Lenders are raising fees ahead of stricter regulations set out in the Dodd-Frank Wall Street Reform and Consumer Protection Act. Most rules have yet to be implemented, but the banking industry says proposed fee limits could cost them some $16 billion in lost revenue each year. The fee hikes have further tarnished the banking industry image, already damaged by a federal bailout.
Credit unions outnumber commercial banks 8,000 to 6,800, but account for 5 percent of the industry’s $700 billion in annual revenue, according to First Research, which describes the banking industry as high consolidated among 50 of the largest firms. Major players include Bank of America, Citibank, JP Morgan Chase, Wells Fargo and Navy Federal Credit Union.
Deposits at credit unions may be relatively small, but they have been steadily growing along with the number of members. Credit union membership has grown by more than 1 percent per year since 2007 and stood at more than 92 million by September 2010 when assets totaled more than $920 million, reports cudata.com, an online credit union data analytics system.
Credit unions are not-for-profit cooperatives that enroll members from a “defined field,” such as a common employer, school or church. The institutions exist to benefit their members and do not issue stock or pay dividends to outside stockholders, according to the Credit Union National Association or CUNA. “Instead, earnings are returned to our members in the form of lower loan rates, higher interest on deposits, and lower fees,” CUNA said.
Credit unions are also exempt from taxes on payroll, sales, property and income. They function as an “economic democracy” with each member receiving equal ownership and one vote regardless of the size of their account, said CUNA. Credit unions are governed by a volunteer board elected directly by members.
A comparison by Informa Research Services, shows that on average credit unions currently offer marginally higher interest rates on 12-month certificates of deposits, savings accounts with a $1,000 minimum and personal checking accounts with a $2,500 minimum. The average rate for a 12-month CD is now .74 percent at credit unions, compared to .58 percent at commercial banks.

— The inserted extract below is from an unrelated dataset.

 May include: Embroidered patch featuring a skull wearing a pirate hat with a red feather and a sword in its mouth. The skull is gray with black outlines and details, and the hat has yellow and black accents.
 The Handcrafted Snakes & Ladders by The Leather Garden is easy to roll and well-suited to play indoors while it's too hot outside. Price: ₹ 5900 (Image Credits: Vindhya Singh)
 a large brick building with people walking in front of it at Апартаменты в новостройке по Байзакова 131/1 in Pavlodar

Overdraft fees are on average $2.82 lower at credit unions and interest charged on a variety of loans is lower. On average, credit unions charged an interest rate of 1.56 percent less on used car loans of four years or less, and 1.46 percent less for five-year new car loans. Home equity credit lines and home equity loans charged on average .53 percent and .44 percent, respectively, less in interest.
On average credit unions charge lower interest, annual fees and late fees for credit cards. Average annual fees for cards linked to rewards programs were $68.54 less at credit unions compared to banks.

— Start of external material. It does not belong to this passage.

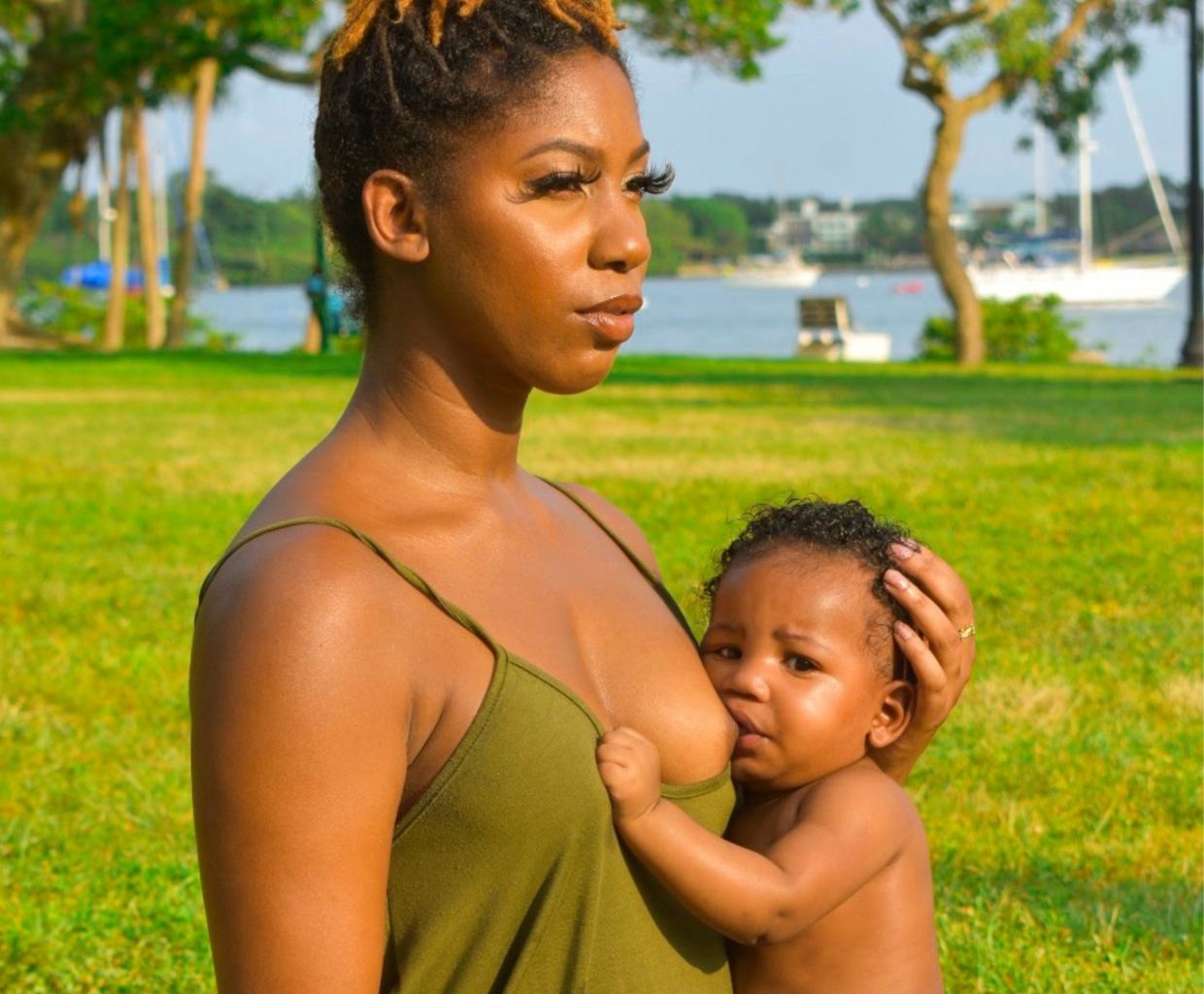 Mother breastfeeding her baby outdoors in a sunny park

More than 76 percent of credit unions offer free checking accounts with no strings attached, according the Bankrate.com 2011 Credit Union Check Study. In contrast, 65 percent of commercial banks offered free checking with no strings attached. An additional 20 percent of credit unions will waive checking fees when clients agree to direct deposit and/or e-statements.
A little more than a year ago Zogby Interactive predicted public unhappiness with the policies and behaviors of large national banks had the potential to shift business to local banks and credit unions. Nearly one-third of adults surveyed in February 2010 said they had considered moving to a local bank or credit union because of dissatisfaction with large banks. Fourteen percent of those surveyed said they had already made the move. Of this group, 60 percent said they moved in protest against large national banks.